Keskin: 1915 'soykırım' denilmeden anlatılamaz

Ermeni Soykırımı anmasının engellenmesi protesto edildi. Basın toplantısında konuşan İHD Eş Genel Başkanı Eren Keskin, 1915'te yaşananları 'soykırım' olarak görmeye devam edeceklerini söyledi.

İnsan Hakları Derneği (İHD) İstanbul Şubesi, Ermeni Soykırımı’nın 103’üncü yıl dönümü vesilesiyle dün Sultanahmet’te yapmak istedikleri eylemin polis tarafından engellenmesini protesto etti. Şube binasında düzenlenen basın toplantısında, “Ermeni soykırımını anmak değil, bu soykırımla yüzleşmemek suçtur” pankartı asıldı.

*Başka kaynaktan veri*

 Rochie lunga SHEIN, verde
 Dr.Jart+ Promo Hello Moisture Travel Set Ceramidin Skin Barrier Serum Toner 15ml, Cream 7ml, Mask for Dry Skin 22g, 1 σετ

İHD Eş Genel Başkanı Avukat Eren Keskin, devlete “Soykırımı tanı, soykırımla yüzleş ve soykırımın tahribatlarını tazmin et” diye seslenerek, şöyle devam etti: “Bu açıklamalarımızı 2005 yılından beri yapıyoruz. Ama hakkımızda bugüne kadar bir soruşturma dahi açılmadı. OHAL süreci olmasına rağmen geçen sene de yaptık. Ama bu yıl ‘soykırım’ ve ‘katliam’ kelimesini kullanırsak yapamayacağımızı, bu kelimeleri kullanmadan basın açıklaması yapmamız istendi. Biz de bunu ifade özgürlüğümüze saldırı olarak kabul ettik."

'SOYKIRIM DENİLMEDEN ANLATILAMAZ'

Keskin, 'soykırım' denilmeden 1915’te yaşananların anlatılamayacağı için dün açıklamalarını iptal ettiklerini hatırlatarak, “Dün arkadaşlarımızın gözaltına alınması bizim soykırıma karşı olan düşüncelerimizi değiştirmedi. Biz Türkiye’nin kırmızı çizgileri, Kürdistan meselesi, Ermeni Soykırımı, Kıbrıs sorunu gibi meselelerde düşüncelerimizi özgürce ifade etmek istiyoruz ve bunun mücadelesini veriyoruz” dedi.

GÖZALTINDA IRKÇILIK

Toplantıda konuşan, dün gözaltına alınıp daha sonra serbest bırakılan İHD İstanbul Şubesi Yönetim Kurulu Üyesi Leman Yurtsever de şunları anlattı: "Sultanahmet’te bulunan Türk ve İslam Eserleri Müzesi’nde yapılacak açıklamaya gittiğimizde ilk başta GBT’mizi yaptılar. Daha sonra pankart ve fotoğraflara bakıp fotoğraf çektiler. Pankartı geri verdiler, bir süre sonra tekrar pankartı aldılar. Götürüp bir duvar dibinde açarak tek tek fotoğrafını çektiler. ‘Sözde Ermeni soykırımıymış’ gibisinden sorular sordular. Pankartları geri verdiler ve bizi gözaltına aldılar. Daha sonra rapor almak için Haseki Hastanesine götürüldük. Doktor odasına girdiğimizde paravanın arkasında polis bulunuyordu. Polise ‘çıkar mısın’ dediğimde ‘bana emir veremezsin’ diyerek bağırdı. Muayene bittikten sonra doktor odasından çıkacağımız zaman bileklerimizi sıkarak plastik kelepçe taktılar. Araç içerisinde de polisler Ermeni halkına yönelik nefret söyleminde bulunuyorlardı. Yine karakola götürüldüğümüzde araçta yüksek sesle ırkçı şarkılar dinlettirdiler. Karakolda ifadelerimiz alındıktan sonra serbest bırakıldık.”

Toplantıda, dün engellenen açıklama yeniden okundu.